Exercise prompt:
In the entries below, find the line with "A bedroom with a bed two" and the line with "Student posing with". Repeat exactly everything between them, those two lines included, but not the pictures.

Records shown:
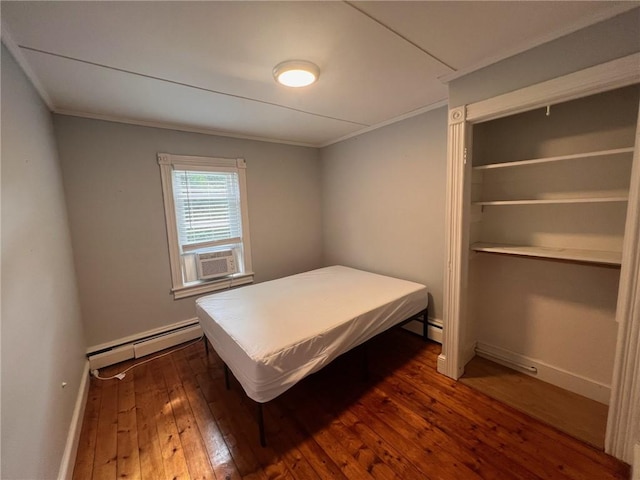 3506 Kingstown Rd, South Kingstown, RI 02892 - bedroom featuring a baseboard heating unit, crown molding, dark wood-style flooring, baseboards, and cooling unit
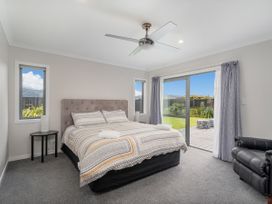 A bedroom with a bed two windows a sliding glass door a black side table a black armchair and a ceiling fan at Tide and Tranquility - Whitianga Holiday Home in Whitianga
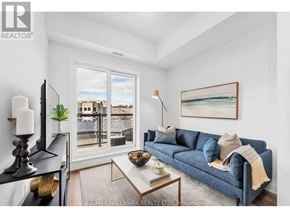 Toronto (Oakridge) townhouse for rent - A living room with a blue couch and a painting on the wall.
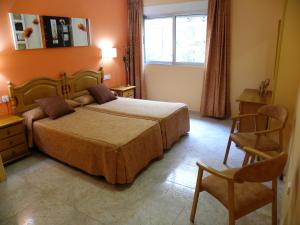 a bedroom with a bed and a chair and a window at Hotel Noguera El Albir in Albir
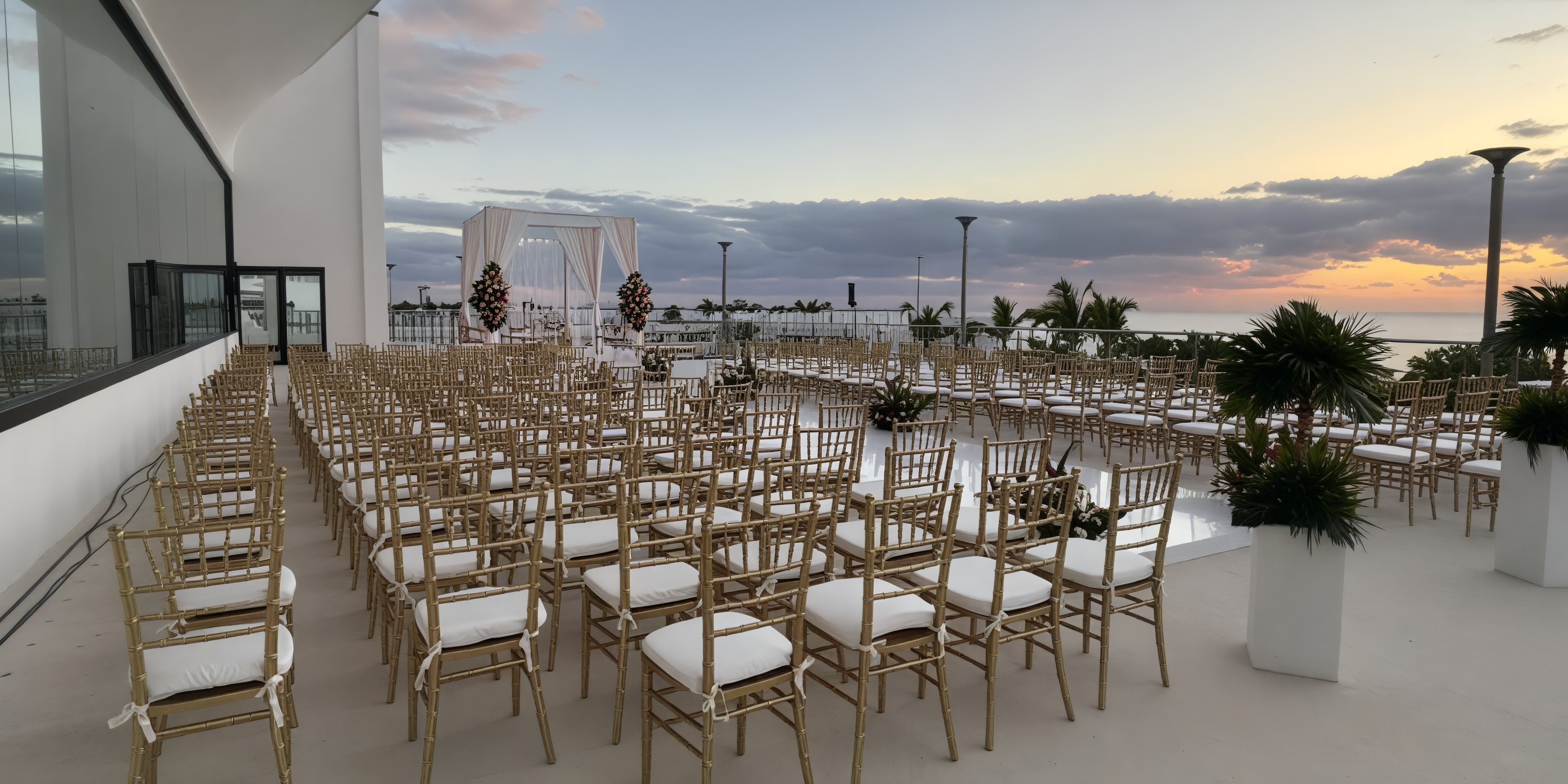 AVA Resort Cancun offers a breathtaking destination wedding experience, featuring an outdoor setup where chairs are beautifully arranged to face the altar as the sun sets.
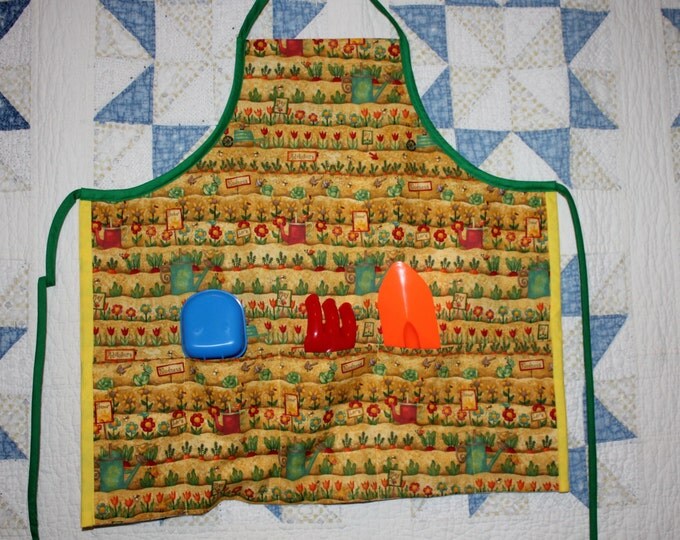 HALF PRICE ** Childs Gardening Apron. Yellow Orange Green Red Garden Print, with Deep Pockets. Gardening Tools and Gloves included.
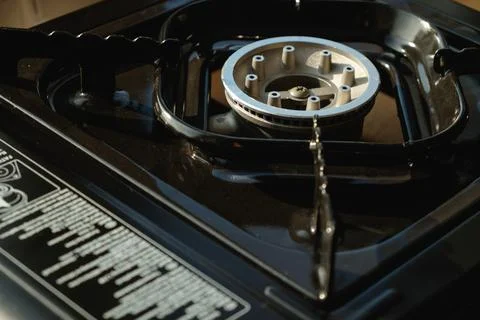Creating culinary magic with a modern gas stove burner in a cozy kitchen Stock Photos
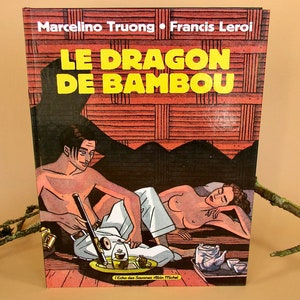 Peut inclure: Couverture de bande dessinée "LE DRAGON DE BAMBOU" avec des illustrations de deux personnes dans un sauna. Le titre est en jaune. Les noms des auteurs, Marcelino Truong et Francis Leroi, sont en haut. La scène montre un homme avec une pipe.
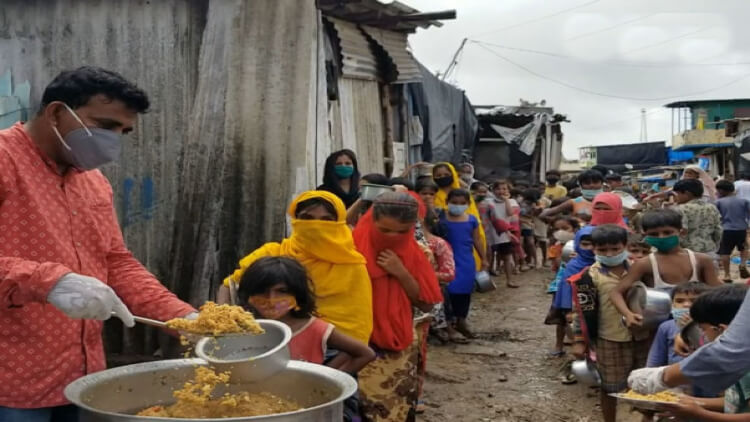 Faiyyaz Sheikh feeding the locals in Mulad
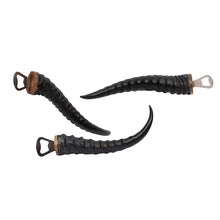 Load image into Gallery viewer, Handcrafted bottle openers made from real warthog tusks and springbok horns. Unique, rustic bar accessories combining natural materials and sturdy metal construction—perfect for collectors and Western-inspired home bars.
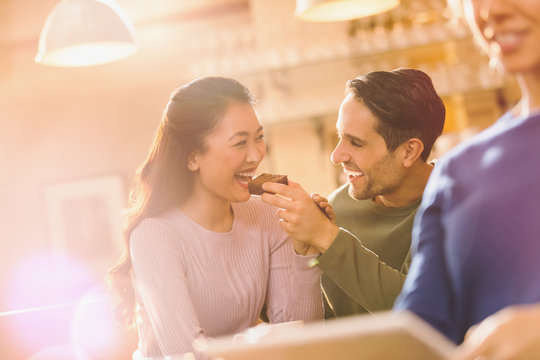 Playful boyfriend feeding brownie to girlfriend at cafe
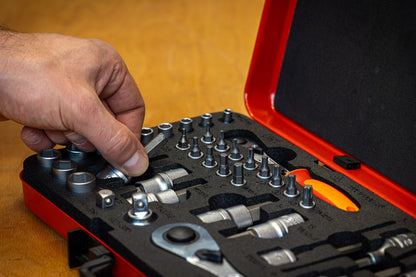 Mechanic lifting a chrome socket from the Unior Master Bits and Sockets Set on a workshop bench, case open beside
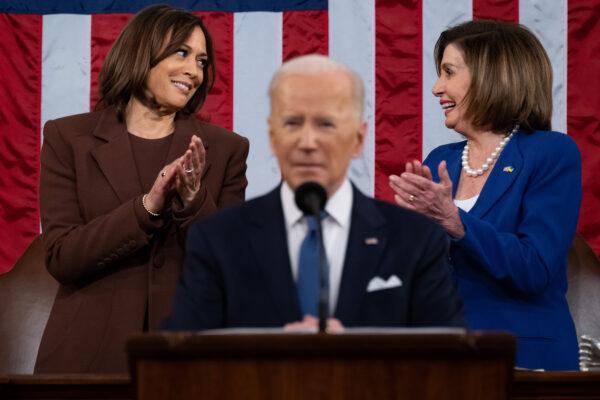 Vice President Kamala Harris, left, and House Speaker Nancy Pelosi, right, applaud as Joe Biden delivers the State of the Union address to a joint session of Congress in the U.S. Capitol House Chamber in Washington on March 1, 2022. (Saul Loeb/Pool/Getty Images)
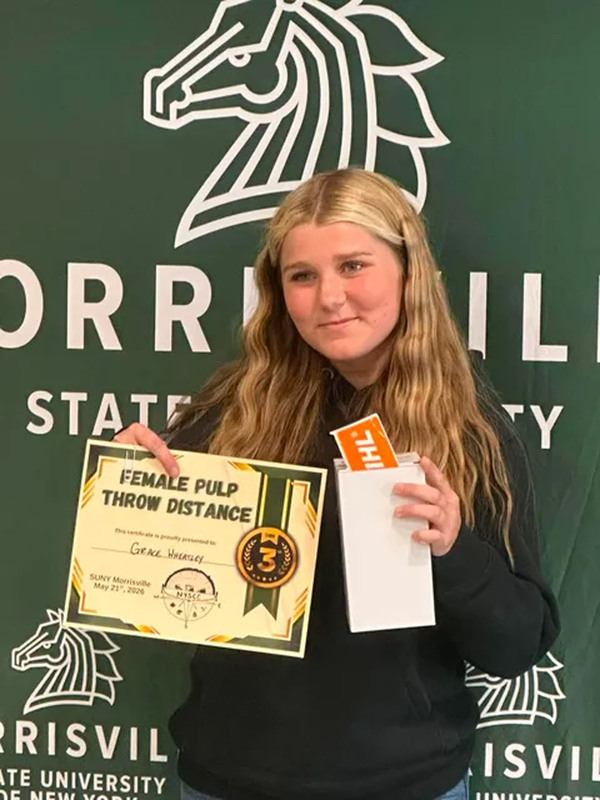 Student posing with certificate at state conservation competition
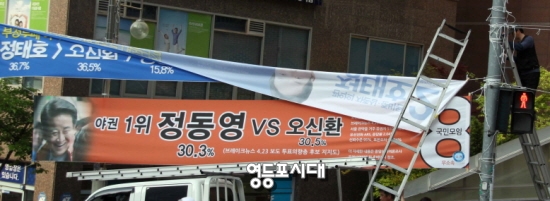 관악을 새정치민주연합 정태호 후보 측이 서울시 선거관리위원회의 현수막 철거 명령에 따라 현수막을 철거하고 있다.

Response to this task:
 A bedroom with a bed two windows a sliding glass door a black side table a black armchair and a ceiling fan at Tide and Tranquility - Whitianga Holiday Home in Whitianga
 Toronto (Oakridge) townhouse for rent - A living room with a blue couch and a painting on the wall.
 a bedroom with a bed and a chair and a window at Hotel Noguera El Albir in Albir
 AVA Resort Cancun offers a breathtaking destination wedding experience, featuring an outdoor setup where chairs are beautifully arranged to face the altar as the sun sets.
 HALF PRICE ** Childs Gardening Apron. Yellow Orange Green Red Garden Print, with Deep Pockets. Gardening Tools and Gloves included.
Creating culinary magic with a modern gas stove burner in a cozy kitchen Stock Photos
 Peut inclure: Couverture de bande dessinée "LE DRAGON DE BAMBOU" avec des illustrations de deux personnes dans un sauna. Le titre est en jaune. Les noms des auteurs, Marcelino Truong et Francis Leroi, sont en haut. La scène montre un homme avec une pipe.
 Faiyyaz Sheikh feeding the locals in Mulad
 Load image into Gallery viewer, Handcrafted bottle openers made from real warthog tusks and springbok horns. Unique, rustic bar accessories combining natural materials and sturdy metal construction—perfect for collectors and Western-inspired home bars.
 Playful boyfriend feeding brownie to girlfriend at cafe
 Mechanic lifting a chrome socket from the Unior Master Bits and Sockets Set on a workshop bench, case open beside
 Vice President Kamala Harris, left, and House Speaker Nancy Pelosi, right, applaud as Joe Biden delivers the State of the Union address to a joint session of Congress in the U.S. Capitol House Chamber in Washington on March 1, 2022. (Saul Loeb/Pool/Getty Images)
 Student posing with certificate at state conservation competition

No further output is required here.